Five Minutes
Written by Christopher chun
Five minutes.
It’s five minutes until you touchdown and embrace what comes after reaching the goalpost— the next goalpost. Well, what do you do? Do you march cavalier onwards or peek your head back and see what led you to this moment?
Well, I was never a fan of reminiscing. It brings back disjointed and undisciplined memories of the so-called “good times,” but I would be remiss if I didn’t at least try to reflect. Throughout my time at this university, I have accomplished what I have sensibly constructed as the correct path to follow. I have connected with kind and sensible personalities, held titles that I wouldn’t dream of seeing next to my name, and I have seemingly all done it within the span of minutes. I could shut my eyes and I would be back in my old dormitory bed listening to my former roommate deconstruct the abstract principle of religiosity, the confines of engineering coursework, and what place we’d have to see before Christmas break.
Frightening or endearing, this all seemingly happened simply minutes ago to me.

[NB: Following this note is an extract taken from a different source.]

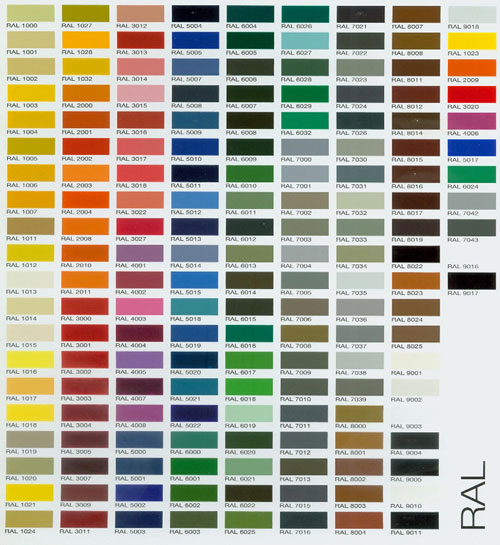 Johnstones Trade Paint Colour Chart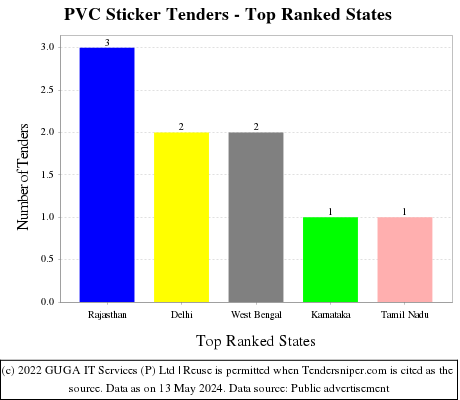PVC Sticker Live Tenders - Top Ranked States (by Number)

The nights studying, well better defined as unfortunate cramming, blend into a homogenous euphoric feeling of “I did it.” The foolish outings with friends melt into a smile on my face. Blurry or clear, the memories I forged decorate the inner walls of my camera roll. Now, the next thought pops into forebrain: What do I do with these next five minutes before the next goalpost?
Not a clue.
However, here’s what I am doing in the meantime: I wake up grateful that I get to see close friends readily, I stroll to campus and romanticize the places I have seen hundreds of times, and I try to smile as much as I can. Because the two things I do know for certain are that it cannot last forever and I am going to stretch these last five minutes, before the hour hand strikes.